ベンチャーキャピタルやエンジェル投資家から出資を受けるようなビジネスモデルは、はじめは債務超過になることを前提に事業に投資をして、一気に市場のシェアを獲得してから上場する、利益を出すというビジネスモデルも少なくありません。
ただし、投資家が投資したくなるビジネスモデルは限られていますし、株式も渡すことになるので極めて難しく、リスクの高い資金調達方法です。
クラウドファンディング
近年注目されている方法として、クラウドファンディングで資金調達を行う方法も考えられます。
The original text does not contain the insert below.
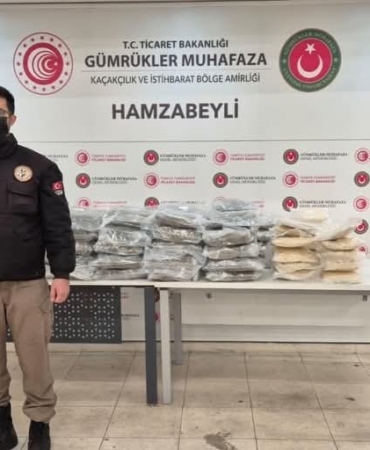 yeni-yil-oncesi-sinir-kapilarinda-dev-uyusturucu-operasyonu-KFka1AIY.jpg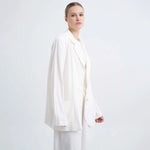 جاكيت نسائي بجيبان كبار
クラウドファンディングは、実質的には商品やサービスの注文を前入金で獲得している状態です。
クラウドファンディングによって資金調達すると、後でユーザーに返礼品を返す必要がありますが、先に資金が入ってくるので直近の資金繰りは改善されます。
魅力的な商品やサービスを開発していて、資金が足りないという場合はクラウドファンディングによる資金調達も検討してみても良いでしょう。
債務超過にならないために
以上のように債務超過に陥った場合の資金調達について説明しましたが、重要なのはそもそも債務超過に陥らないことです。
債務超過に陥らないためには、本業できちんと利益を生み出す必要があります。例えば、原価管理を行って赤字の商売を無くしたり、無駄な販管費をカット、採算の合わない仕事は引き受けない等、日々の収益改善が会社に残る利益を増やして、債務超過になることを防ぎます。
企業が債務超過になる場合は、ある日突然、債務超過に陥るのではなく、このままの経営を続けるとどの位の時期に債務超過になるのか気づいていながら債務超過に陥っているはずです。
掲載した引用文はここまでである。